- What this task involves: Please transcribe exactly, and only, the lines of the data below between the line holding "義大利Witors 開心果抹醬, , large" and the line holding "4 bedroom villa", inclusive.

- Records:

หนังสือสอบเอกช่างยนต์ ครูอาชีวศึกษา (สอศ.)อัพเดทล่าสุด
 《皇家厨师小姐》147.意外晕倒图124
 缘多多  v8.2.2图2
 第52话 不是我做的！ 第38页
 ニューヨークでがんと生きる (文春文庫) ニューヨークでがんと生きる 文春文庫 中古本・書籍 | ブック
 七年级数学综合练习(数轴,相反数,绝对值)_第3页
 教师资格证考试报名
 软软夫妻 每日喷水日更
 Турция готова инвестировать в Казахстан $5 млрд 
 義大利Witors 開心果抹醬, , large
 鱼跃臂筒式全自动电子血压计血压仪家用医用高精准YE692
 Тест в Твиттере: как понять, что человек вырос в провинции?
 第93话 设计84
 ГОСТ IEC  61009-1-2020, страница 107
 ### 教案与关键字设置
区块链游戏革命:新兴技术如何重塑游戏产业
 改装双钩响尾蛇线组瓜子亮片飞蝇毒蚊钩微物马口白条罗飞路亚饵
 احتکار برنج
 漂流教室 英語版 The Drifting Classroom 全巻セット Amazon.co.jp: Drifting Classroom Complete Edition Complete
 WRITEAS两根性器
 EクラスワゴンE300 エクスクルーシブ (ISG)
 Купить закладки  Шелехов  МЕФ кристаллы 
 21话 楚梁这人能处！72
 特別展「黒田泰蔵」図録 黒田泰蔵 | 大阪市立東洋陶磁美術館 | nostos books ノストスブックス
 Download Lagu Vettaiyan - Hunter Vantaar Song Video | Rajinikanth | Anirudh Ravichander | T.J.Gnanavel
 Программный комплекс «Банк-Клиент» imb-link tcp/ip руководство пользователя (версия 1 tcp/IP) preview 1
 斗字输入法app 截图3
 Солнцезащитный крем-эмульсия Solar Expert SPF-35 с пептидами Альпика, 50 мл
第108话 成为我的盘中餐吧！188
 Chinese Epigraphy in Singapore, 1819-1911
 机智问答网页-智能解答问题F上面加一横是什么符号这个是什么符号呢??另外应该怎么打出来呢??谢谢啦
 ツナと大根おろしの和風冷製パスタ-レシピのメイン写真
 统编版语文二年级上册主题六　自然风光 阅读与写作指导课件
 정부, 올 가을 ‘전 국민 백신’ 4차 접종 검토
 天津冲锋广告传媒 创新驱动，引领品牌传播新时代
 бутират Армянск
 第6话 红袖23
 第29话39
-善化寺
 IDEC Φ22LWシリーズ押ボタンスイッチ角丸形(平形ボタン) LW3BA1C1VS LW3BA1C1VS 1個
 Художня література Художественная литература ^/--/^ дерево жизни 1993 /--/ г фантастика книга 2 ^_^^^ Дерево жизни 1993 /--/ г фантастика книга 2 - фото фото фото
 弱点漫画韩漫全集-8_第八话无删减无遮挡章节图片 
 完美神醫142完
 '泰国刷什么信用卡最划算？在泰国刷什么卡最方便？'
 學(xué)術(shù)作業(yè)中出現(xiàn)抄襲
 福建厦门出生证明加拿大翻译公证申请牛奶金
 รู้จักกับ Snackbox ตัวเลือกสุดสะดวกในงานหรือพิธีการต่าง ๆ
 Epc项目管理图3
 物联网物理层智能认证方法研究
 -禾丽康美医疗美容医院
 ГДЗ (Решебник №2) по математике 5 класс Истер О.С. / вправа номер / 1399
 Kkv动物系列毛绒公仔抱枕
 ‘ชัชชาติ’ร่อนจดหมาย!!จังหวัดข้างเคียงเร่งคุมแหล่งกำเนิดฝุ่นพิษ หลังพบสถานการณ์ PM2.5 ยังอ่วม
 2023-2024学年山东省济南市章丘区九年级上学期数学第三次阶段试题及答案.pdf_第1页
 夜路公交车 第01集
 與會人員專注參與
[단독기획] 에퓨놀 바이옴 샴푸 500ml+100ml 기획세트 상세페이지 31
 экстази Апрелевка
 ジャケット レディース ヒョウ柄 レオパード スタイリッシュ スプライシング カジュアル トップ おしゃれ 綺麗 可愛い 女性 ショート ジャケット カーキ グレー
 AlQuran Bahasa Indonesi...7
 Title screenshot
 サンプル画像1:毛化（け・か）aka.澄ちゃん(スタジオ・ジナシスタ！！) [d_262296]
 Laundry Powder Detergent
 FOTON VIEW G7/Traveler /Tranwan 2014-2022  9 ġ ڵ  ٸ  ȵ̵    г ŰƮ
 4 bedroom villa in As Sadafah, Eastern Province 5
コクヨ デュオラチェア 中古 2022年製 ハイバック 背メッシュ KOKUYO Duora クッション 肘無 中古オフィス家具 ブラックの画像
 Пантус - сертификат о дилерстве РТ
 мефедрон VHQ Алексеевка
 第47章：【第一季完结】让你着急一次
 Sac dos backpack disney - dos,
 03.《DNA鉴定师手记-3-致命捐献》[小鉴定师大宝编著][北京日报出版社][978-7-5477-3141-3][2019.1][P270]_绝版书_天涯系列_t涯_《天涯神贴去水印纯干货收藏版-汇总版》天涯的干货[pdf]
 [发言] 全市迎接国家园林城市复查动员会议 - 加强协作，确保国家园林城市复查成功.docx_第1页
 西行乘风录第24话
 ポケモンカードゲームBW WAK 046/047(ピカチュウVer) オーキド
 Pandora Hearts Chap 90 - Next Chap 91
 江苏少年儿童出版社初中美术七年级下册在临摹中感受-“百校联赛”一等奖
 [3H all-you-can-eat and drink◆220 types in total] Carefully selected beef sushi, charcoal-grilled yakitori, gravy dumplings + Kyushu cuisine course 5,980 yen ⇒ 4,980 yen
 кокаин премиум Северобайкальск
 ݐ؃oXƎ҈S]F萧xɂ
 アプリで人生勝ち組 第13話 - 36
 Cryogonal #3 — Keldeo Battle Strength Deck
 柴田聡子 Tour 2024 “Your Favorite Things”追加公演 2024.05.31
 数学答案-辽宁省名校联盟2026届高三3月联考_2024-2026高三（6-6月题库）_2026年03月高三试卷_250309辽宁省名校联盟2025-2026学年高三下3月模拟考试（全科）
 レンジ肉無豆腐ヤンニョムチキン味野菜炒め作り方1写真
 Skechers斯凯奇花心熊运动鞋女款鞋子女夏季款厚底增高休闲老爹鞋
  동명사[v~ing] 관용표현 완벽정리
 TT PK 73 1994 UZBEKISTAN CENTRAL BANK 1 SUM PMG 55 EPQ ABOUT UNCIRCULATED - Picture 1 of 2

- Solved problem:
 義大利Witors 開心果抹醬, , large
 鱼跃臂筒式全自动电子血压计血压仪家用医用高精准YE692
 Тест в Твиттере: как понять, что человек вырос в провинции?
 第93话 设计84
 ГОСТ IEC  61009-1-2020, страница 107
 ### 教案与关键字设置
区块链游戏革命:新兴技术如何重塑游戏产业
 改装双钩响尾蛇线组瓜子亮片飞蝇毒蚊钩微物马口白条罗飞路亚饵
 احتکار برنج
 漂流教室 英語版 The Drifting Classroom 全巻セット Amazon.co.jp: Drifting Classroom Complete Edition Complete
 WRITEAS两根性器
 EクラスワゴンE300 エクスクルーシブ (ISG)
 Купить закладки  Шелехов  МЕФ кристаллы 
 21话 楚梁这人能处！72
 特別展「黒田泰蔵」図録 黒田泰蔵 | 大阪市立東洋陶磁美術館 | nostos books ノストスブックス
 Download Lagu Vettaiyan - Hunter Vantaar Song Video | Rajinikanth | Anirudh Ravichander | T.J.Gnanavel
 Программный комплекс «Банк-Клиент» imb-link tcp/ip руководство пользователя (версия 1 tcp/IP) preview 1
 斗字输入法app 截图3
 Солнцезащитный крем-эмульсия Solar Expert SPF-35 с пептидами Альпика, 50 мл
第108话 成为我的盘中餐吧！188
 Chinese Epigraphy in Singapore, 1819-1911
 机智问答网页-智能解答问题F上面加一横是什么符号这个是什么符号呢??另外应该怎么打出来呢??谢谢啦
 ツナと大根おろしの和風冷製パスタ-レシピのメイン写真
 统编版语文二年级上册主题六　自然风光 阅读与写作指导课件
 정부, 올 가을 ‘전 국민 백신’ 4차 접종 검토
 天津冲锋广告传媒 创新驱动，引领品牌传播新时代
 бутират Армянск
 第6话 红袖23
 第29话39
-善化寺
 IDEC Φ22LWシリーズ押ボタンスイッチ角丸形(平形ボタン) LW3BA1C1VS LW3BA1C1VS 1個
 Художня література Художественная литература ^/--/^ дерево жизни 1993 /--/ г фантастика книга 2 ^_^^^ Дерево жизни 1993 /--/ г фантастика книга 2 - фото фото фото
 弱点漫画韩漫全集-8_第八话无删减无遮挡章节图片 
 完美神醫142完
 '泰国刷什么信用卡最划算？在泰国刷什么卡最方便？'
 學(xué)術(shù)作業(yè)中出現(xiàn)抄襲
 福建厦门出生证明加拿大翻译公证申请牛奶金
 รู้จักกับ Snackbox ตัวเลือกสุดสะดวกในงานหรือพิธีการต่าง ๆ
 Epc项目管理图3
 物联网物理层智能认证方法研究
 -禾丽康美医疗美容医院
 ГДЗ (Решебник №2) по математике 5 класс Истер О.С. / вправа номер / 1399
 Kkv动物系列毛绒公仔抱枕
 ‘ชัชชาติ’ร่อนจดหมาย!!จังหวัดข้างเคียงเร่งคุมแหล่งกำเนิดฝุ่นพิษ หลังพบสถานการณ์ PM2.5 ยังอ่วม
 2023-2024学年山东省济南市章丘区九年级上学期数学第三次阶段试题及答案.pdf_第1页
 夜路公交车 第01集
 與會人員專注參與
[단독기획] 에퓨놀 바이옴 샴푸 500ml+100ml 기획세트 상세페이지 31
 экстази Апрелевка
 ジャケット レディース ヒョウ柄 レオパード スタイリッシュ スプライシング カジュアル トップ おしゃれ 綺麗 可愛い 女性 ショート ジャケット カーキ グレー
 AlQuran Bahasa Indonesi...7
 Title screenshot
 サンプル画像1:毛化（け・か）aka.澄ちゃん(スタジオ・ジナシスタ！！) [d_262296]
 Laundry Powder Detergent
 FOTON VIEW G7/Traveler /Tranwan 2014-2022  9 ġ ڵ  ٸ  ȵ̵    г ŰƮ
 4 bedroom villa in As Sadafah, Eastern Province 5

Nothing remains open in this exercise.